#### Task goal:
All pictures are to be omitted while the lines starting at the line with "LEGO® NINJAGO 71730" and ending at the line with "Vintage Y2K Phat" in the material below are retyped exactly, both ends included.

===== Data to examine =====

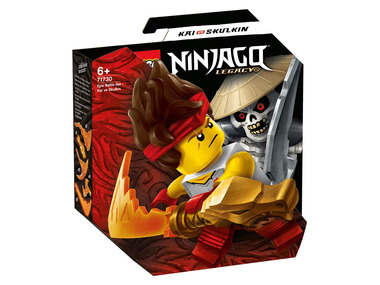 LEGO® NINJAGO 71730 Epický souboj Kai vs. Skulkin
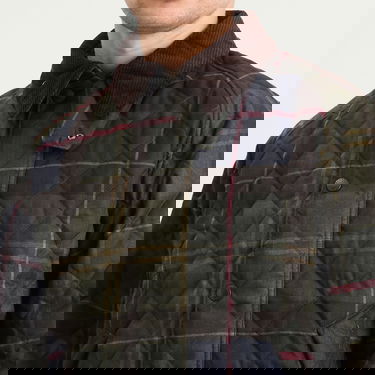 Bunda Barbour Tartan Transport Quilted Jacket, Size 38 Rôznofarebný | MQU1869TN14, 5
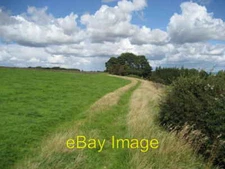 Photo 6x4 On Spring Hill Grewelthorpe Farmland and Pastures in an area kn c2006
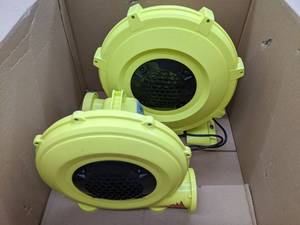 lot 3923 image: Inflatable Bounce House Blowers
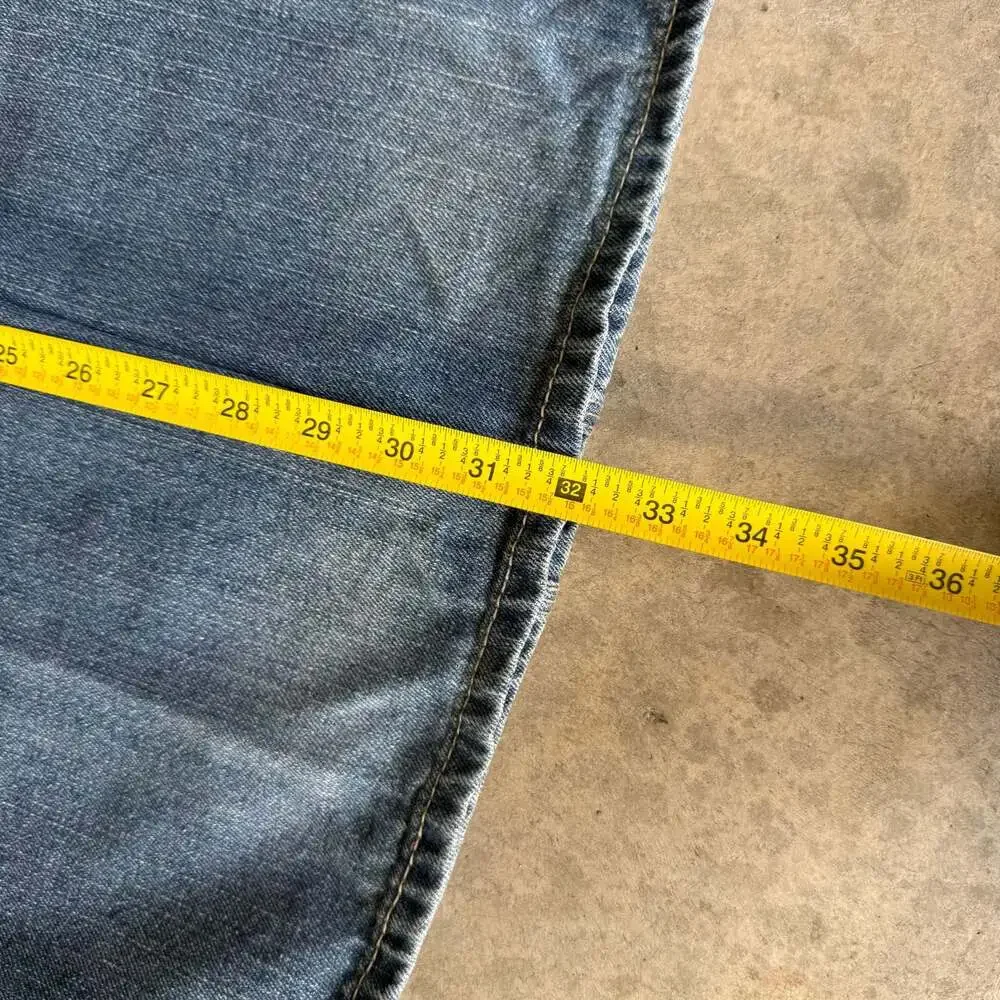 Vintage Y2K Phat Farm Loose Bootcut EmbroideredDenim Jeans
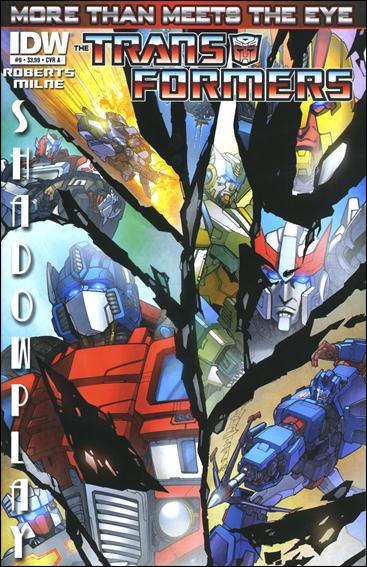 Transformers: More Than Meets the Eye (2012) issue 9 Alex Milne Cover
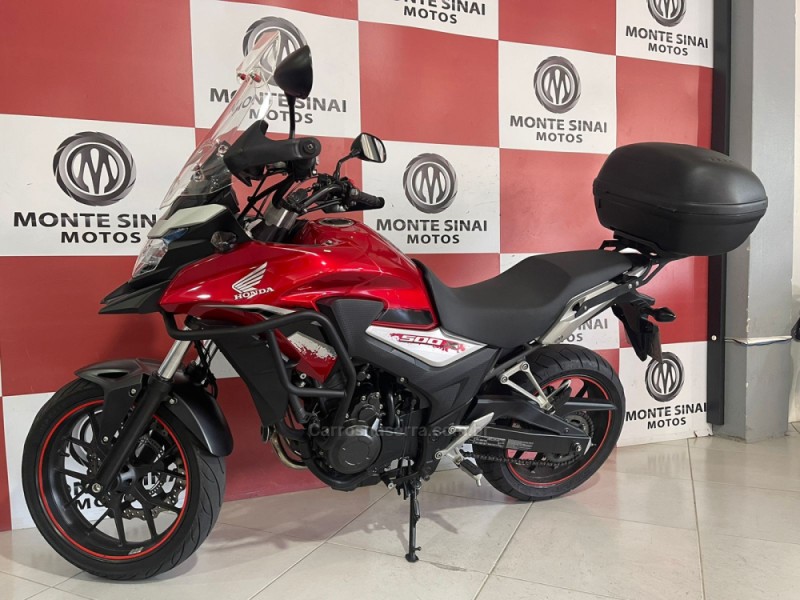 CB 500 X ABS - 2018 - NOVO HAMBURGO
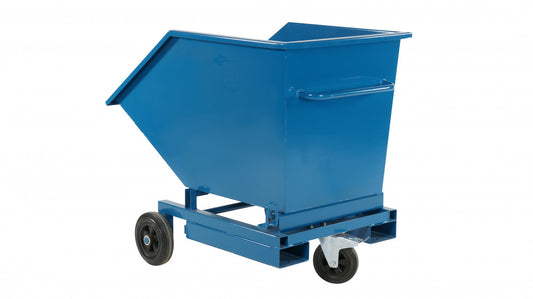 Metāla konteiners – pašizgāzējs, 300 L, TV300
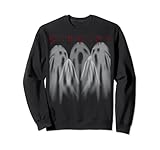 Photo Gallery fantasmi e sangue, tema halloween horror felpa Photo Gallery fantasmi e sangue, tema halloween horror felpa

=====
===== Data to examine =====

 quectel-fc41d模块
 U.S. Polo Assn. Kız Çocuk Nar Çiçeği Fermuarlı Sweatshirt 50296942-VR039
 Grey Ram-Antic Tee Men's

=====

#### Solution to this task:
 LEGO® NINJAGO 71730 Epický souboj Kai vs. Skulkin
 Bunda Barbour Tartan Transport Quilted Jacket, Size 38 Rôznofarebný | MQU1869TN14, 5
 Photo 6x4 On Spring Hill Grewelthorpe Farmland and Pastures in an area kn c2006
 lot 3923 image: Inflatable Bounce House Blowers
 Vintage Y2K Phat Farm Loose Bootcut EmbroideredDenim Jeans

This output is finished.